Source records Start Marker
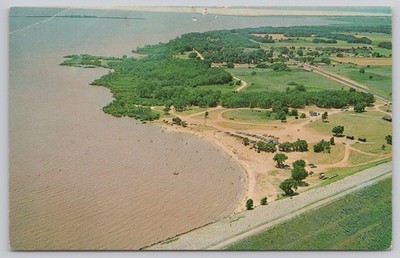 Alva Oklahoma, Great Salt Plains Lake Aerial View OK Postcard 
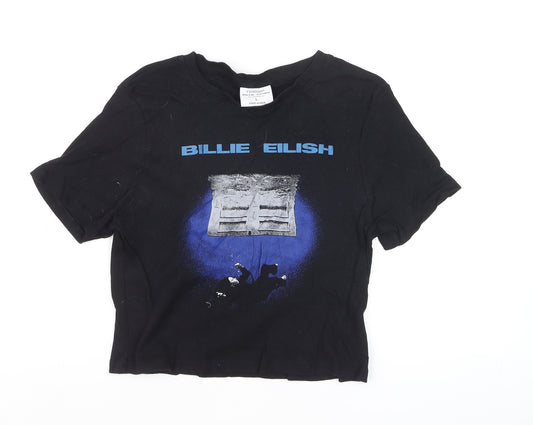Primark Women’s Black Cropped Billie Eilish T-Shirt Size L
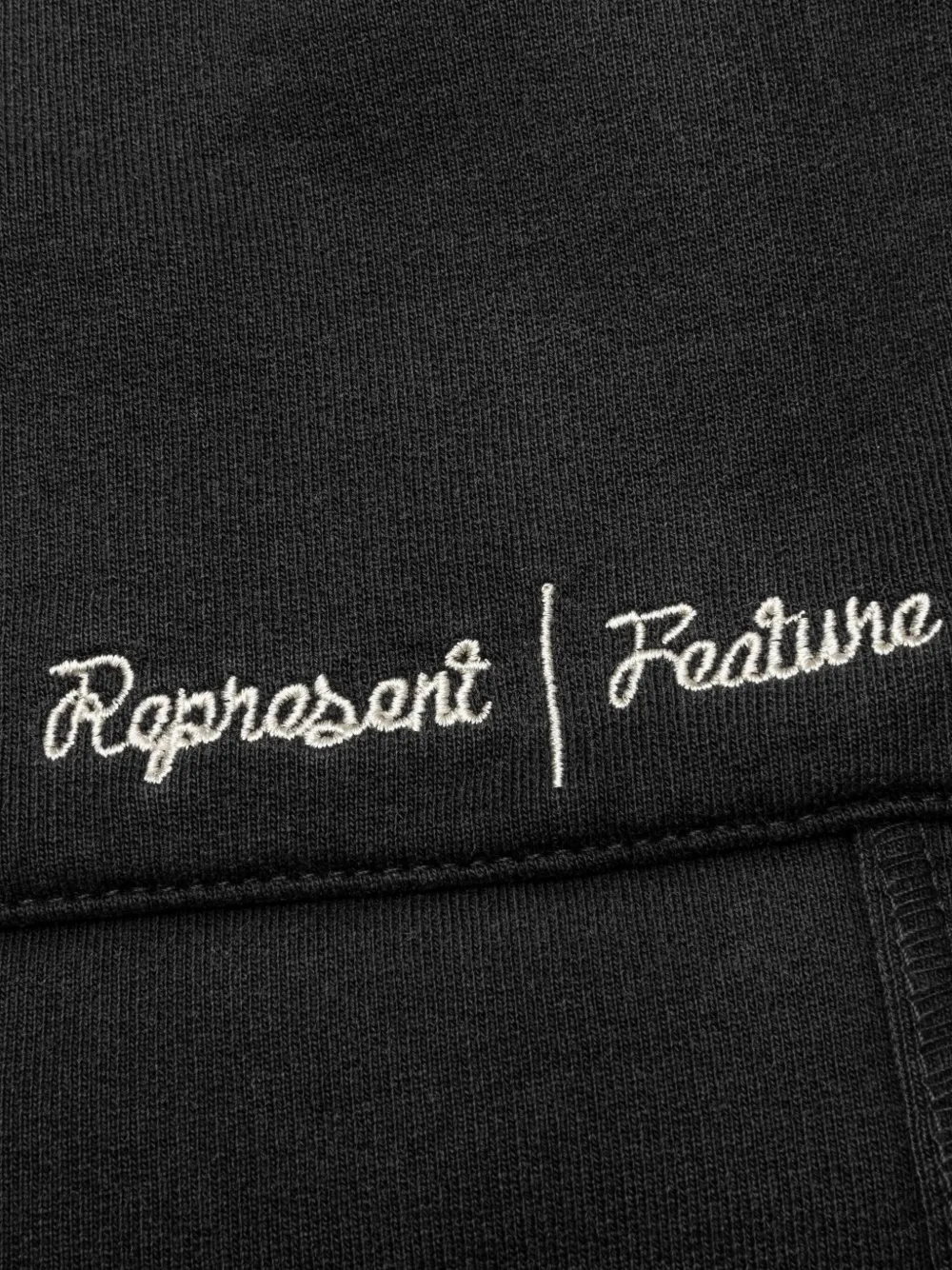 Represent x Feature logo-embroidered track shorts Zwart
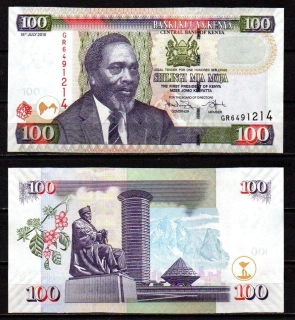 Keňa 100 Shillings 2010 UNC P.48e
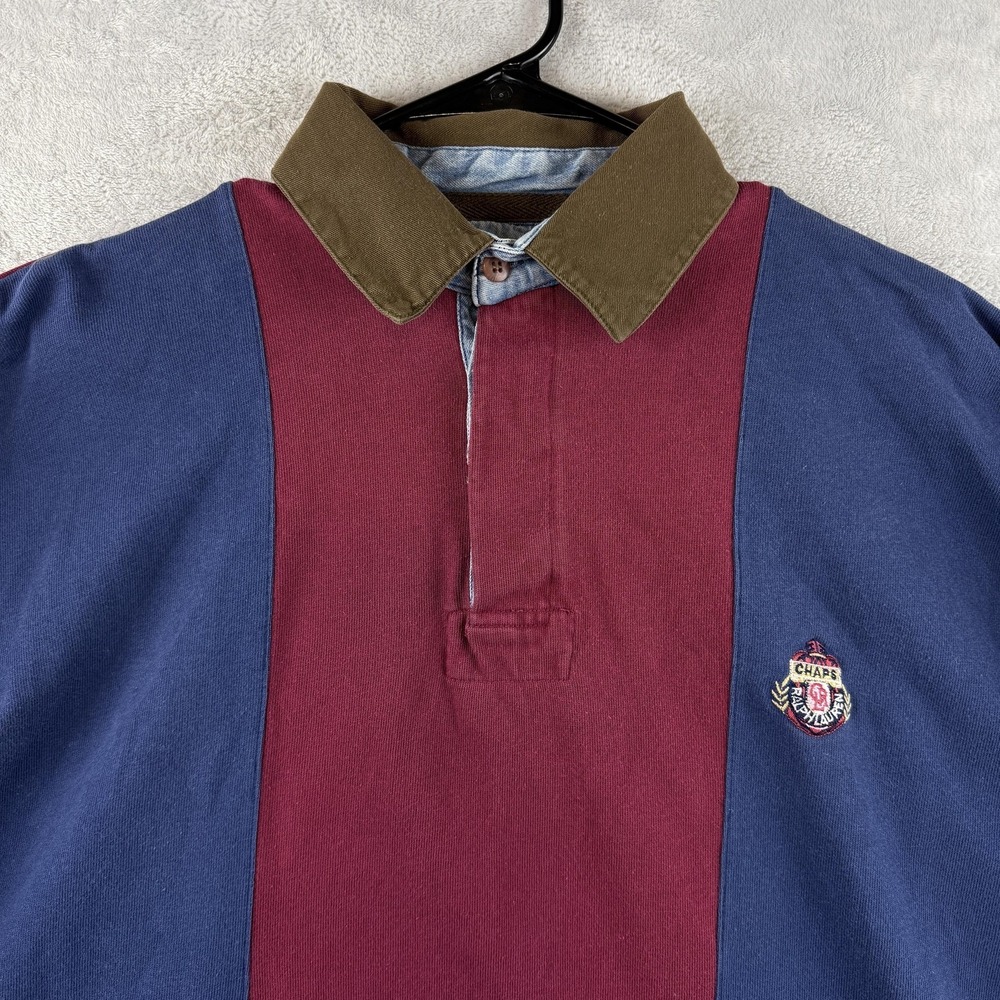 Vintage Chaps Ralph Lauren Rugby Polo Shirt Mens XL Colorblock Long Sleeve - Picture 3 of 9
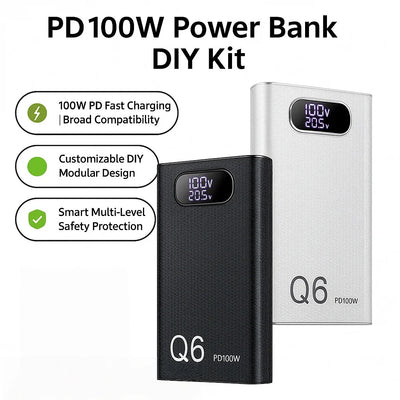 PD100W Fast Charging Power Bank DIY Kit 20V 5A 6x 21700 Battery Pack Portable Customizable No Soldering Easy to Assemble
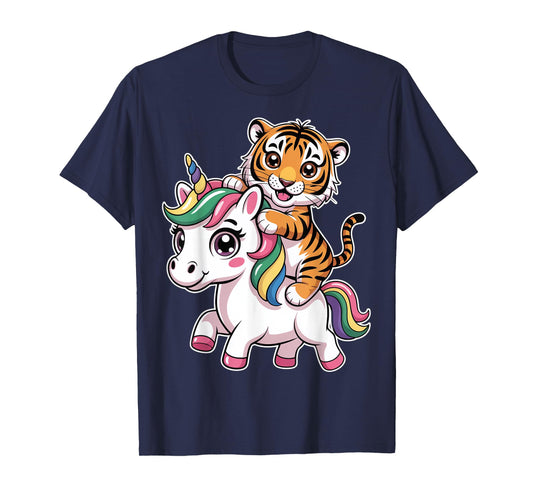 Cute Unicorn With Tiger Friend T-Shirt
Source records End Marker
» Your instructions:
Write down exactly what the lines above say, from the line holding "Vintage Chaps Ralph" through the line holding "PD100W Fast Charging", and nothing more. Do not copy the pictures.

» Response below:
 Vintage Chaps Ralph Lauren Rugby Polo Shirt Mens XL Colorblock Long Sleeve - Picture 3 of 9
 PD100W Fast Charging Power Bank DIY Kit 20V 5A 6x 21700 Battery Pack Portable Customizable No Soldering Easy to Assemble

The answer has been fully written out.